Lefifi Tladi’s cosmological influences came from the Pedi, Tswana and Xhosa folklore, stories, songs and dances that he heard growing up in Lady Selborne and Ga-Rankuwa in today’s Tshwane. In the late 1960s, Lefifi transformed these influences into anti-colonial, Black Consciousness (BC) and Pan Africanist thoughts, through his collaborative music projects with De-Olympia Club, Malombo Jazzmakers and Dashiki. With their African expression of drums, flutes and voices of the traditional music of baPedi and baTswana, these groups performed to students all over the country from Durban, to Ongoye , Fort Hare, Western Cape, Natal and Turfloop. Lefifi was a member of the Cultural Committee of the BC of the 1970s. He was imprisoned and forced into exile in Botswana for his political work. In 1980 he started to study art in Stockholm, Sweden.
In addition to producing art, Lefifi Tladi, collaborates with the Universities of Stockholm and Stellenbosch, with recording artists and studios in Stockholm, and with a Collage Project in Stockholm. He encourages younger art history students to interpret, to critique, and to develop new theories about his artistic output. He is calling for more Masters and PhD thesis on his work and the works of other S.A. artists like Mashiangwako, Fikile Magadlela, Winston Masekaeng Saodi, and Louis Maqhubela.
His multiple projects focus on preservation and include digitisation of his writings, digital photos of his artworks, preparations for book publishing and for exhibitions, and re-prints of Jazz Poetry CDs.
Pre-task: Black Consciousness Philosophy
The huge task ahead of us is to re-discover the authentic, sovereign, unifying history, heritage and cultural identities of Africa and its Diaspora: the liberated African Voice.

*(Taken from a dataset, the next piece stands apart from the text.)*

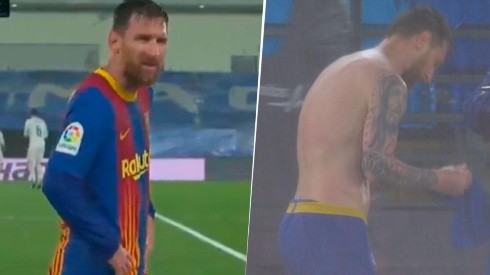 Video: Messi temblaba de frío y tuvo que salir de la cancha para sacarse la camiseta mojada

For Lefifi, Black Consciousness brought in a new vision for poetry, music, dance, painting and photography. The focus was the use of the mother tongue, and no imitations of Europe. Black Consciousness does not buy into “this township thing,” as Lefifi calls it. The township has always been used by the Apartheid system to limit the perception of African creativity. Township music, township art and all definitions of township have only created a victim mentality, causing artists who come from the townships to complain, lament their township situation and placing their focus on telling the world about their suffering.

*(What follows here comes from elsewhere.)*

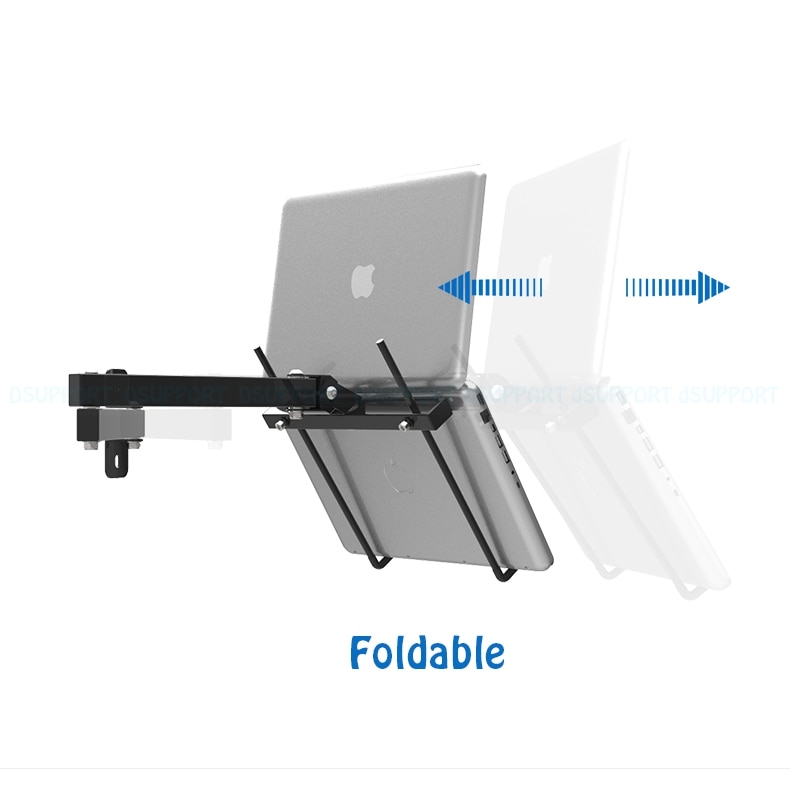 Foldable Wall Mount 17-27 inch Laptop Holder Two Arms Full Motion Laptop Cooler Retractable Notebook Hanger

But the Black Consciousness movement places importance on creating a uniquely South African art form. Black Consciousness does not tap its roots in the township situation, thereby reflecting the suffering of the township dwellers. Rather, Black Consciousness pushes art towards transcendence. And as a result Black Consciousness artists begin to manifest a new vision of writing poetry, making music, paintings and photography that was very much informed by the indigenous languages, activating a vision and history that came well before the township experience. Black Consciousness offers a larger canvass and experience to draw from, for not only our country, the sub-continent and the continent, but also the whole world. The role of the artist is to raise the perception of people, so to be able to hear, to smell, to taste and to feel our creative output. That’s what art should be all about. It is not a vehicle of complaint. It is a vehicle of enlightenment.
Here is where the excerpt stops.